Ouvrez les fenêtres, vite ! C’est fou le nombre de cigarettes que fume l’acteur et réalisateur one shot, Peter Lorre. Il y a la même exagération dans ce déluge de boissons fortes.
De quoi tuer un bœuf, mais sans doute pas Monsieur M. Pourtant ce sont pour lui des addictions bien réelles, même en dehors du tournage.
Son premier et dernier film en tant que réalisateur / scénariste s’inspire quand même pas mal de l’ambiance « criminel en série » de M le Maudit. Alors qu’au départ on pense être sur la piste d’un homme compromis dans des crimes nazis « institutionnels ».
Le Dr Karl Rothe ou Dr Karl Neumeister, traîne des casseroles. On le comprend dès le début, même si on ne sait pas trop lesquelles. Le scénario n’est pas toujours très clair.
Son ancien assistant jouée par Karl John (Hösch / Nowak) se charge de lui rappeler quelques vérités. Nouveau mystère, lequel est le plus compromis des deux ?
Un jeu complexe et passablement puant se met en place, lors des retrouvailles imprévues de ces deux lascars. On sait que cette chorégraphie morbide se terminera mal.
Mais il faut du temps à Peter Lorre pour se mettre en condition. Un peu comme un développement du désir amoureux, mais pour la mauvaise cause.
Un troisième homme Helmuth Rudolph en tant que Colonel Winkler est juste évoqué. Il a grandement participé à ce mauvais passé. On l’a rattrapé. Il est mort depuis.

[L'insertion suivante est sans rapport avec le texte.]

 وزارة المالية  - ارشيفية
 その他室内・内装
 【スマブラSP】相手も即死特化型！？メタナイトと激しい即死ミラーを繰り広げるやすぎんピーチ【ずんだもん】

Des femmes, dont celles figurées par les actrices Renate Mannhardt, Eva Ingeborg Scholz, Gisela Trowe, Lotte Rausch, ont été menacées et/ou tuées. Lorsqu’elles ont rencontré un « certain regard » de Lorre, elles ont su qu’elles étaient en très grand danger. A l’inverse, leur angoisse a donné encore plus de force maléfique à Peter. Ce « fou » ne supporte pas les verbiages et n’a plus qu’à faire taire ces bonnes femmes définitivement.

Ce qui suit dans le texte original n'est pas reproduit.